That would clearly save some time.

 An `out` variable cannot be read until initialized by a 
 function call in an `out` parameter position. Since D has exact 
 evaluation order, it is easily determined that one usage of `x` 
 initializes it and another in the same overall expression reads 
 it (and not the other way around):

     out int x, y;
     /*1*/ if (h(x, y) > 0 && x < y) { .. }
     /*2*/ g(f(x), f(y), x, y);

 Evaluation order says in /*1*/ that h(x, y) is executed before 
 x and y are read for testing `x < y`.
 Evaluation order says in /*2*/ that f(x) and f(y) are executed 
 before x and y are read for passing them to g.

 Also, multiple execution paths can lead to different 
 initialization points:

     out int x, y, z;
     if (g(0)) { f(x); f(y); f(z); } else h(x, y);
     // x, y are initialized.
     g(x, y); // okay: x and y initialized on both branches
     g(z); // invalid: z might not be initialized.
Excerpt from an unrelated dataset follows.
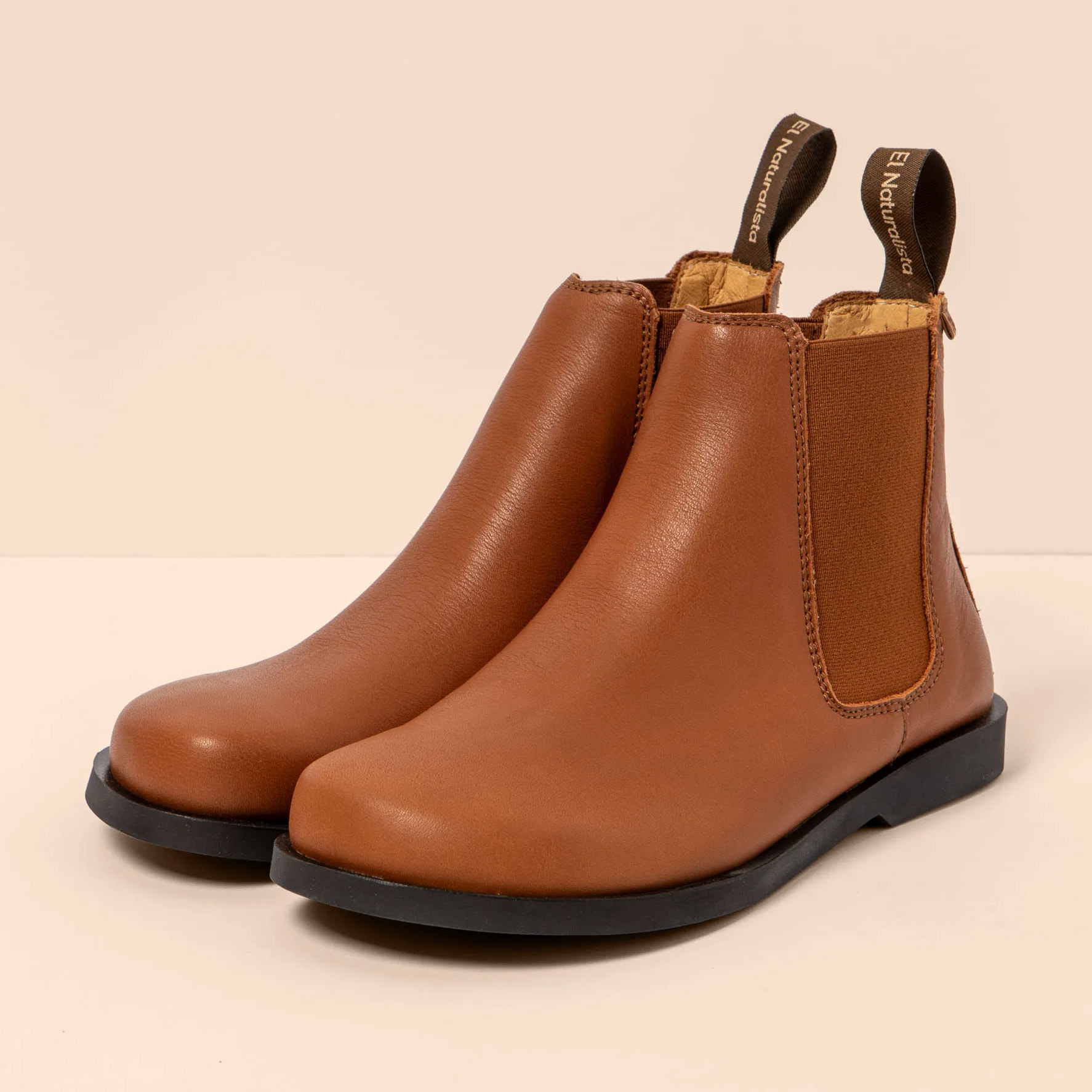 Zapatos N5875 SOFT NAPPA CUERO / ARENISCA color Cuero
 It is always possible to initialize `out` variables using an 
 ordinary assignment:

     out int x, y, z;
     if (g(0)) { /*as above*/ } else { h(x, y); z = 0; }
     g(z); // valid: z initialized on both branches

I imagine that it will still be possible to call f()/h() with a 
non-`out` variable ?

 Templates
 =========

 Similar to `ref`, there will be `auto out` which infers `out` 
 based on the arguments passed.

 `auto out` can be combined with `ref`

`void f(T)(auto out ref T t);` ?

 (meaning pass by reference always, but if the argument is an 
 out value, this is its initialization) and `auto ref` (meaning 
 pass by reference if possible, and if the argument is an out 
 value, this is its initialization; it cannot be passed by value 
 and be initialized).


 With __traits(isOut, param) one can test whether `auto out` 
 boiled down to `out` or not.

ok.

 After being (potentially|definitely|?) initialized, `out` 
 variables do not trigger `auto out` to become `out`.

That doesn't make sense.

 In-place `out` Variables
 ========================

 When calling a function with an `out` parameter, instead of 
 passing an argument, a fresh variable can be declared instead:

     if (f(out int x) > 0 && x > 0) { g(x); } else { .. }
     if (g(0) && f(out x) > 0) { g(x); } else { .. }

I don't like that idea. That makes the code more difficult to 
read.

 The type of an in-place out variable can be left out, when it 
 can be inferred from the called function. [Clearly it can be 
 done in some cases and clearly it cannot be in all templates. 
 Exact rules TBD.]
 In the first else branch, `x` can be used, since regardless 
 whether the `f(out int x) > 0 && x > 0` is true or false, 
 evaluating it will initialize `x`.
 In the second else branch, `x` cannot be used because `x` might 
 not be initialized if g(0) is false.
 The visibility of in-place out variables is limited to the 
 statement they're declared in. For `if` statements this 
 encompasses both branches, but for expression statements, it 
 only encompasses that expression:

     x = f(out a) + a; // valid
     y = f(out b);
     // y += b; // error, b not visible
     out int c;
     f(c);
     z += c; // valid

Meh, I really don't like that fact of declaring a variable inside 
a function's parameter.
Also, I don't thing that it will be easy to implement it.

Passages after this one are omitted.